The trade gap widened out by much more than expected at the start of the year. At C$2.45 billion, the fourth shortfall in a row was up C$1.3 billion versus December's sharply upwardly revised C$1.22 billion deficit and the largest since July 2012. January's deterioration was wholly attributable to a 2.8 percent monthly drop in exports as imports remained flat at their December level.
Exports to the U.S. fell 3.1 percent on the month which, with imports off just 0.1 percent, was enough to see the bilateral surplus with the U.S. nearly halve to C$1.21 billion, the smallest black ink since September 1992.
Weaker prices had an important impact on both sides of the balance sheet and export volumes were only 1.3 percent lower on the month. Even so, with price adjusted imports down just 0.1 percent, the real trade balance still deteriorated.
The overall monthly drop in nominal exports was dominated by energy which posted a hefty 14.7 percent decrease, the eighth straight decline. Elsewhere metal and non-metallic mineral products were off 8.6 percent and basic and industrial chemical, plastic and rubber products 1.8 percent. Partial offsets were provide by gains in farm, fishing and intermediate food products (4.5 percent), aircraft and other transportation equipment and parts (8.0 percent) and motor vehicles and parts (3.1 percent).
Cash imports were also dragged down by energy (minus 19.2 percent) but this was largely mitigated by increases in industrial machinery, equipment and parts (8.2 percent), electronic and electrical equipment and parts (9.3 percent) and aircraft and other transportation equipment and parts (9.0 percent).
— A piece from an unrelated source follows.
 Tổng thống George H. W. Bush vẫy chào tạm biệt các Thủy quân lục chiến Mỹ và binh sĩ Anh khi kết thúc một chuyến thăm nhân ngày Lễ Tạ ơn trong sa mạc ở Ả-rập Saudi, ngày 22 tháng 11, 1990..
Expectations that January was not a good month for the Canadian economy will find support in today's report. However, the BoC is already looking for growth to slow to around 1.5 percent (saar) this quarter and its unchanged monetary policy vote just Wednesday suggests that additional weakness will be needed for another cut in official rates.
Merchandise trade balance measures the difference between imports and exports of both tangible goods and services. The level of the international trade balance, as well as changes in exports and imports, indicate trends in foreign trade.
Changes in the level of imports and exports, along with the difference between the two (the trade balance) are a valuable gauge of economic trends here and abroad. While these trade figures can directly impact all financial markets, they primarily affect currency values in foreign exchange markets. This is particularly true for Canada which relies on exports and particularly those to the U.S. for growth. It should be noted that this report focuses solely on goods trade - it leaves services trade for the quarterly national accounts and balance of payments reports.
Imports indicate demand for foreign goods while exports show the demand for Canadian goods in the U.S. and elsewhere. The Canadian dollar is particularly sensitive to changes in its trade balance with the U.S. For the most part, Canada's trade balance is in surplus thanks to its exports to the U.S. Both the nominal export and import values are split into volume (real) and price components. This permits trade data to be analyzed for both changes in trade patterns as well as changing prices. This has been particularly important of late given energy price volatility and the impact on Canada's merchandise shipments. A word of caution -- the data are subject to large monthly revisions. Therefore, it can be misleading to form opinions on the basis of one month's data.
The bond market is sensitive to the risk of importing inflation. This report gives a breakdown of trade with major countries so it can be instructive for investors who are interested in diversifying globally. For example, a trend of accelerating exports to a particular country might signal economic strength and investment opportunities in that country.